[OTR-dev] Forward secrecy/deniability for long messages with low overhead

Paul Wouters paul at cypherpunks.ca
Tue Feb 26 20:43:00 EST 2013


On Tue, 26 Feb 2013, Sergio Lerner wrote:

>> If you can't keep a session key secret for the duration of the transfer,
>> you are toast. cycling a AES key because you don't trust it for more
>> then 5 minutes instead of one hour buys you a factor 12, which is
>> basically nothing in order of magnitudes crypto normally works at.
>>
> Perhaps it doesn't make sense in OTR for messages.
> But If you're streaming audio with ZRTP
> (http://zfone.com/docs/ietf/rfc6189bis.html), then the mode makes
> perfect sense.

No.
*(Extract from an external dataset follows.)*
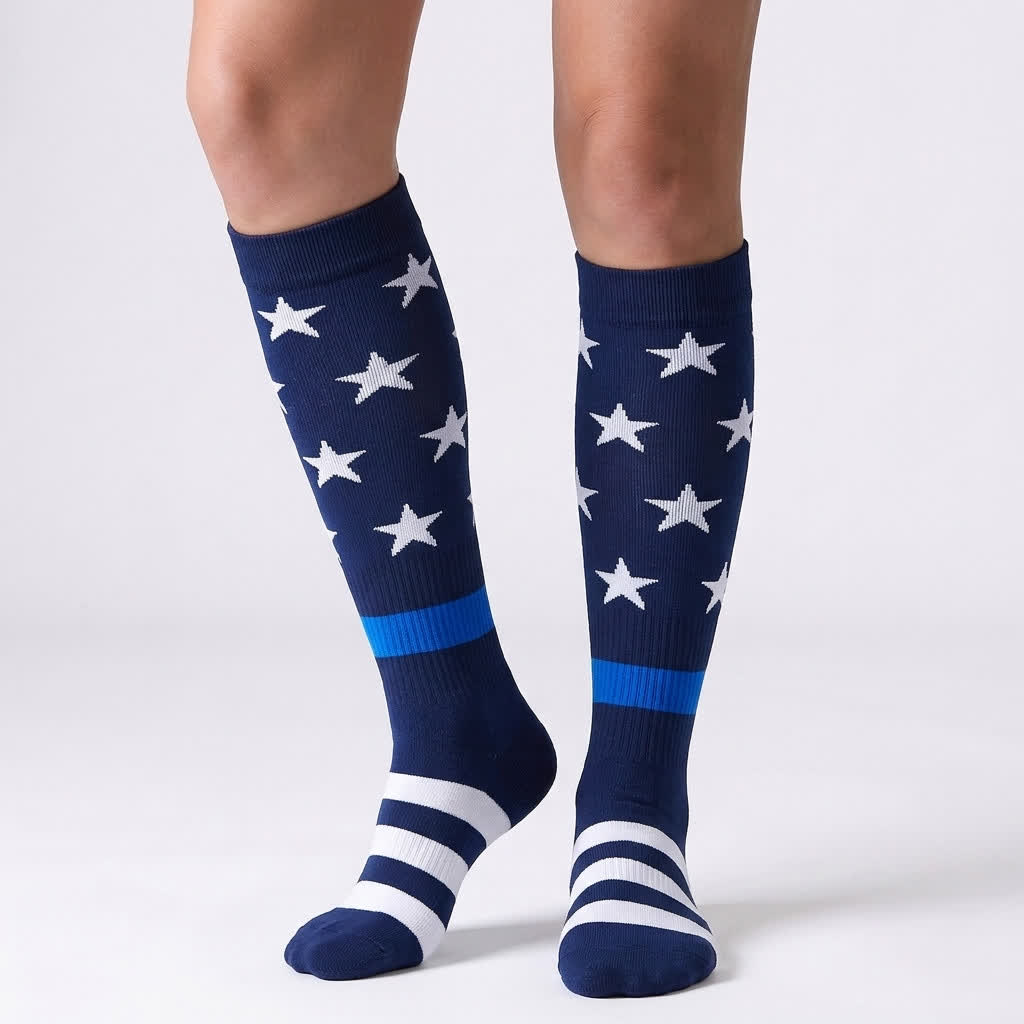 Kompressionsstrümpfe mit amerikanischer Flagge (6 Paar) - Blau - S/M - image 16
If they can brute force your first ZRTP packet, then they can also
brute force the next 10000 packets. Rotating keys that fast isn't
buying yoy anything. Don't start out with such weak keys.

> ALSO, the attacker can try to break in your computer BECAUSE you've just
> made a call to someone that is under surveillance, so you should be
> prepared to be hacked just after you send your first message (and not
> before).

If they break in your computer you're lost from now until you find out,
so that's the reverse of perfect forward secrecy. At that point your
key generation can be as secure as we can make it yet they will just
get a copy of any key, no matter how fast or slow you rotate them over.